[0001] The invention relates to a method of manufacturing a box-shaped building element
in which on a first manufacturing site concrete mortar is poured and consolidated
by vibrations or shocks in the cavity of a casting mould consisting of a lower profile
gauge, a jacket, a core and an upper gauge and in which the resultant, incompletely
cured casting is removed from the core or from the jacket and is transported together
with the jacket or the core respectively to a second manufacturing site, after which
the jacket or the core respectively is removed from the still incompletely cured casting.

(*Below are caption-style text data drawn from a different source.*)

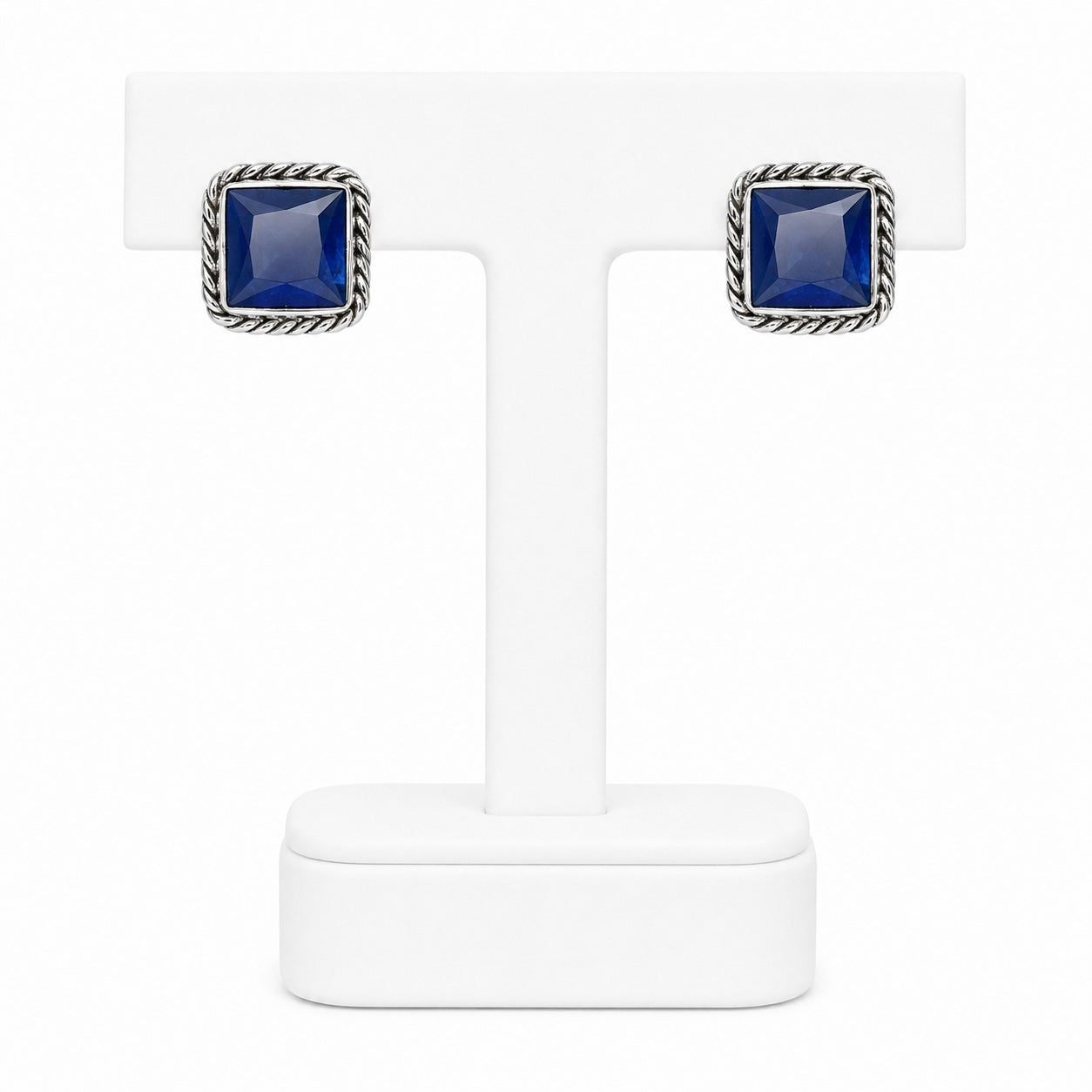 Green Gemstone Stud Earrings | Elegant Silver-Tone Statement Jewelry | Khush Mizaj Official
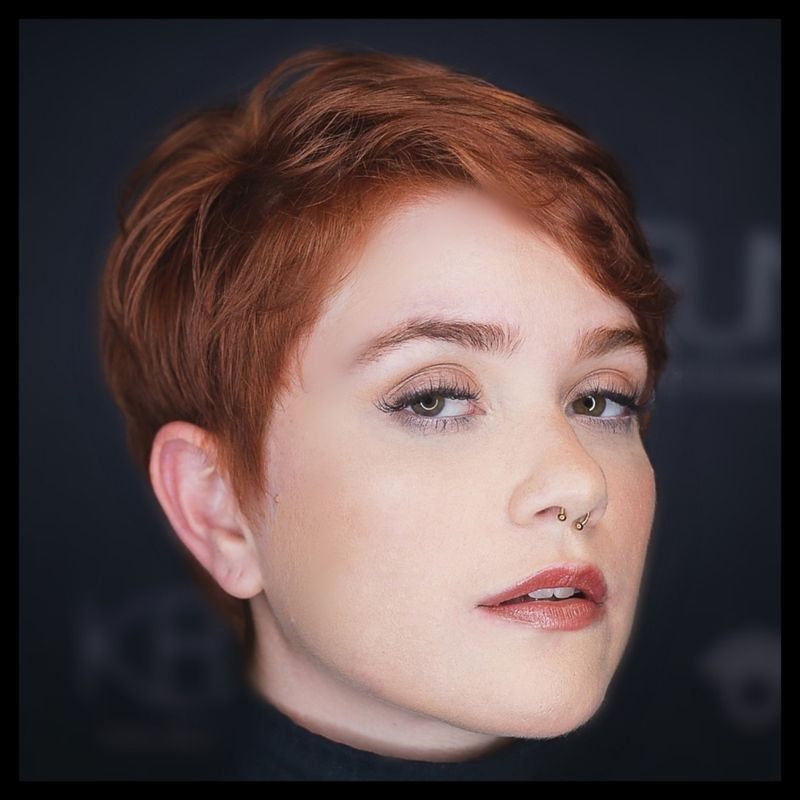 56. Coppery Side-Swept Crop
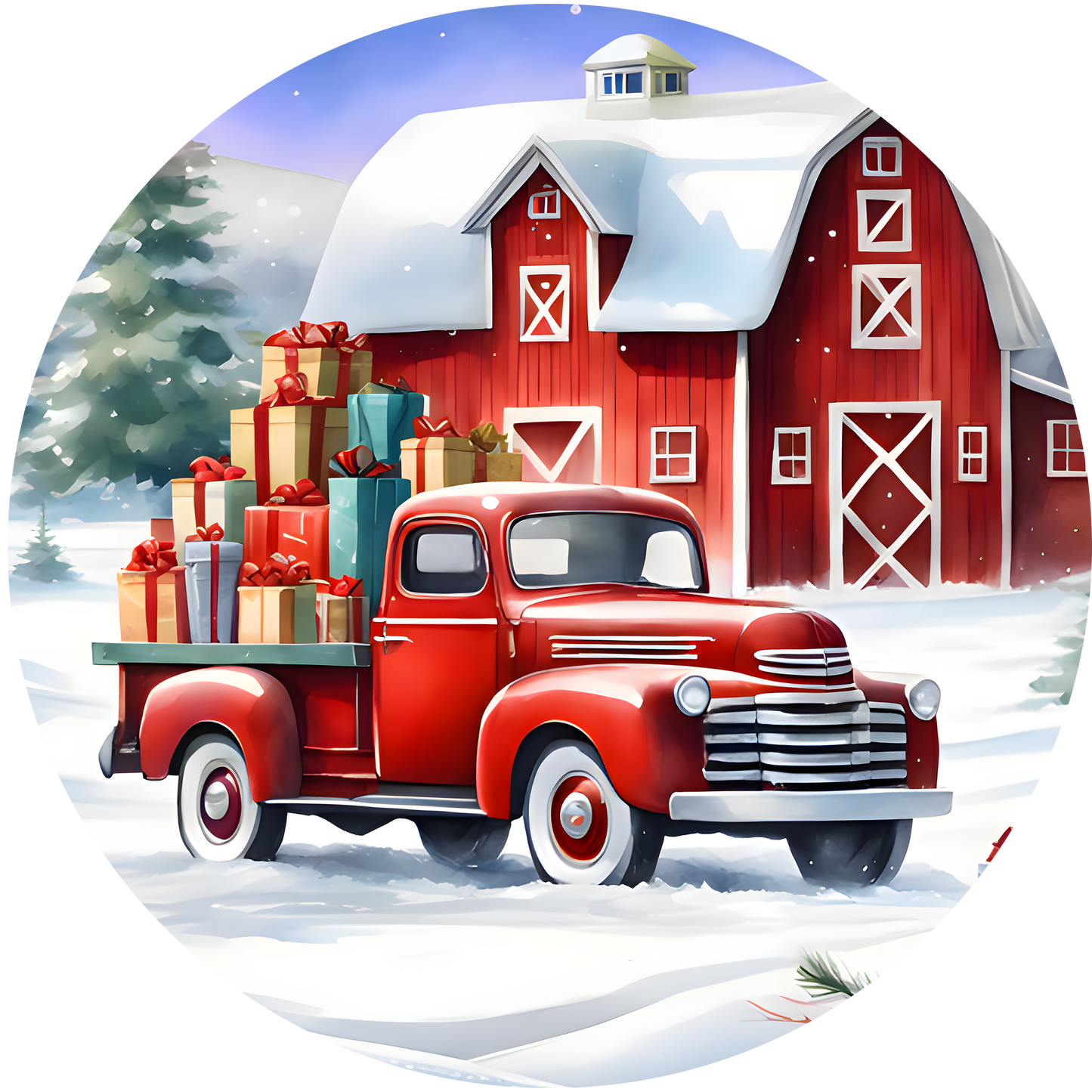 4" Round Ceramic Coaster - Holiday Theme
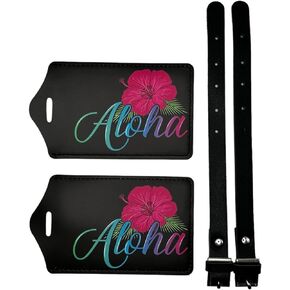 Aloha Luggage Tags for Suitcases, 2 Pack Tropical PU Leather Suitcase Tag Identifiers TSA Approved with Stainless Steel Loop & Address Card for Baggage Tag for Cruise Airport Travel Essentials (Pink)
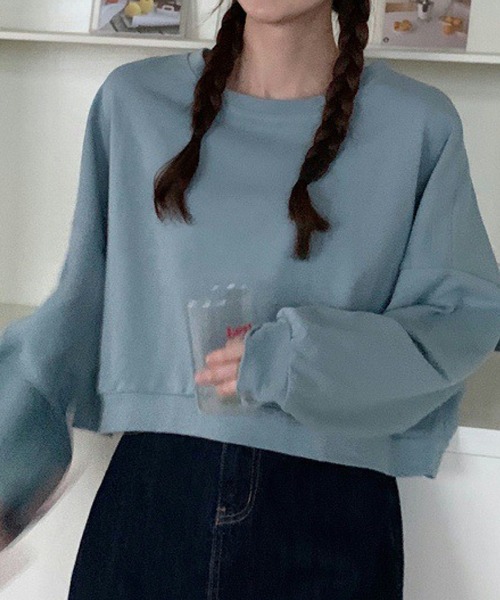 meJane(ミージェーン)の「クロップド丈ルーズシルエットプルオーバー(Tシャツ/カットソー・レディース・オレンジ/ブルー/グリーン/アイボリー・FREE)」の22枚目の写真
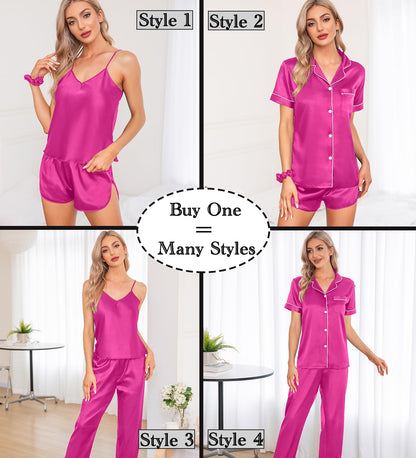 SWOMOG Womens Silk Satin Pajamas Sets 7pcs Sleepwear Sexy Cami Shorts Set and Button Down Short Sleeve Satin Pjs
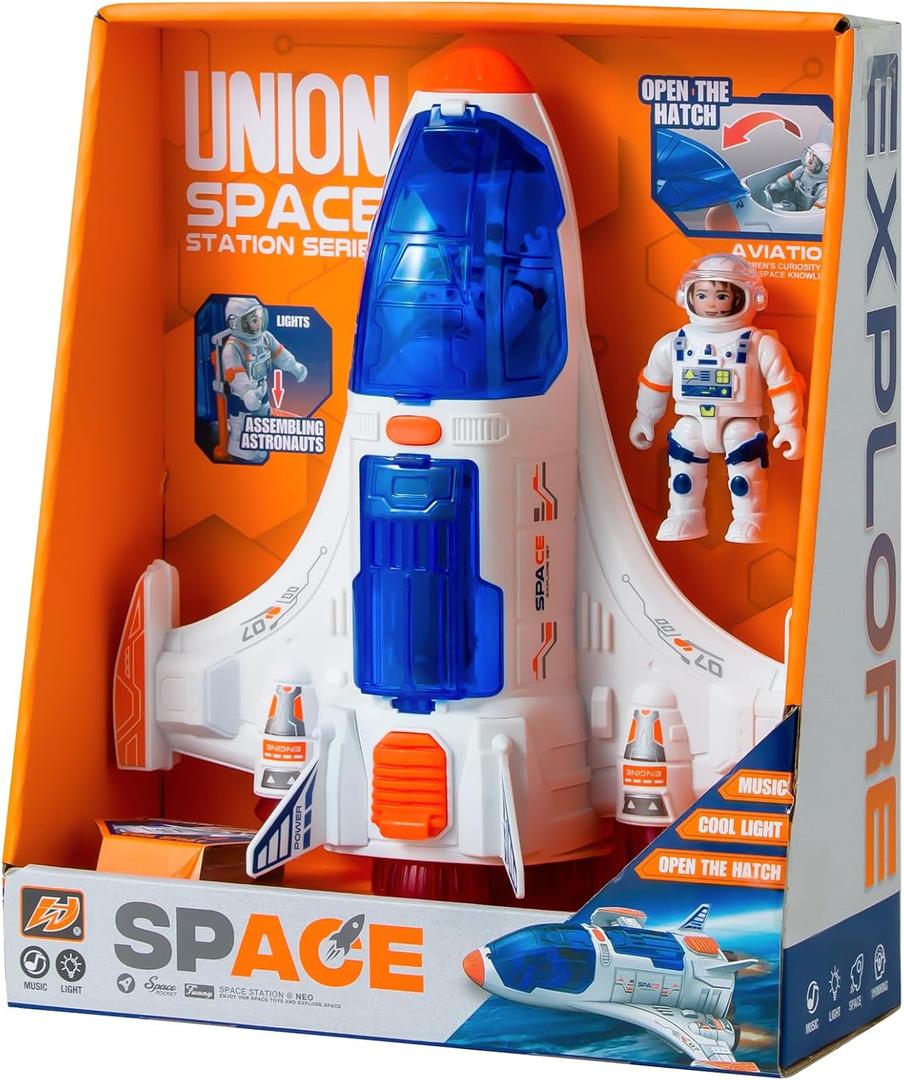 Wbzle Spaceship Shuttle Toy with Astronaut Figure - Space Toys with Lights and Sound - Rocket Ship Toy for Kids 3-5, Space Exploration Astronaut Toys Set, Outer Space Birthday Gift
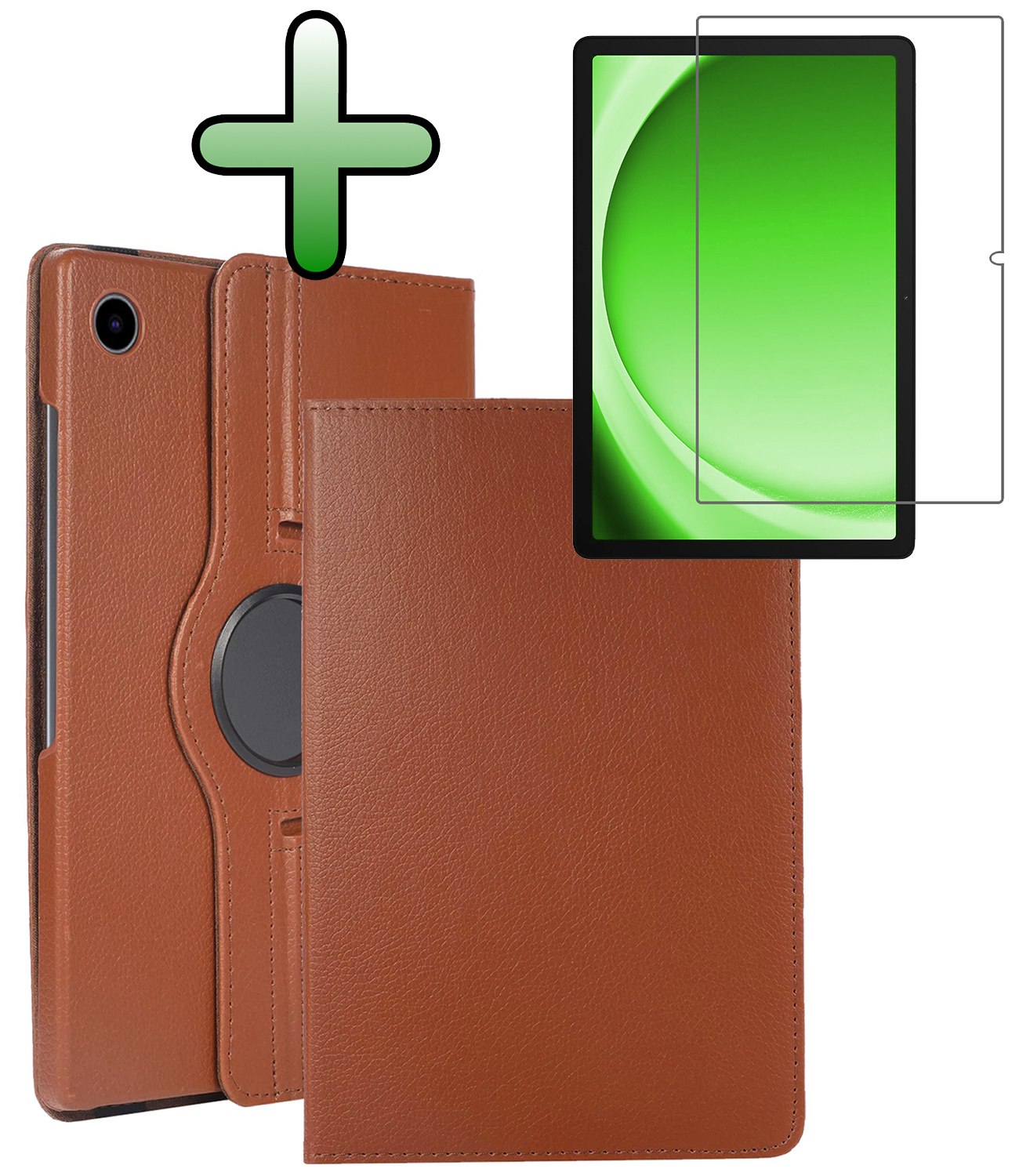 BASEY. BASEY. Samsung Galaxy Tab A9 2023 Hoes Draaibaar Met Screenprotector - Bruin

[0002] Such a method is known from Dutch patent specification 48,210. In this known method
the casting cannot be taken out of the casting mould until the concrete has sufficient
resistance to deformation so that a comparatively retention time in the casting mould
is required in order to avoid damage of the casting when it is taken out of the casting
mould or thereafter.
[0003] The invention has for its object to avoid damage of the casting with a short time
of residence in the casting mould. For this purpose the casting together with the
upper gauge and the lower gauge is removed from the jacket or the core respectively,
whilst at least the upper gauge is retained with respect to the casting with the aid
of positioning means.
[0004] The invention relates to and provides in addition, a building structure such as a
tunnel, sewer, culvert, composed of a sequence of joined building elements manufactured
each by the method according to the invention.
[0005] The aforesaid and further features of the invention will be described more fully
with reference to the drawing.
[0006] In the drawing show schematically
Figure 1 a display of the method in accordance with the invention,
Figure 2 an enlarged sectional view of detail II of Figure 1 in carrying out a preferred
method in accordance with the invention,
Figure 3 an enlarged sectional view of detail III of Figure 1,
Figure 4 a building structure in accordance with the invention, in which the situation
after a degree of settling in the ground is indicated by broken lines,
Figure 5 on an enlarged scale detail V of Figure 4,
Figure 6 a sectional view taken on the line VI-VI in Figure 5,
Figure 7 a variant of Figure 3,
Figures 8 and 9 each a further variant of Figure 2 and Figure 3 respectively, and
Figures 10 and 11 each a further variant of Figure 2 and Figure 3 respectively.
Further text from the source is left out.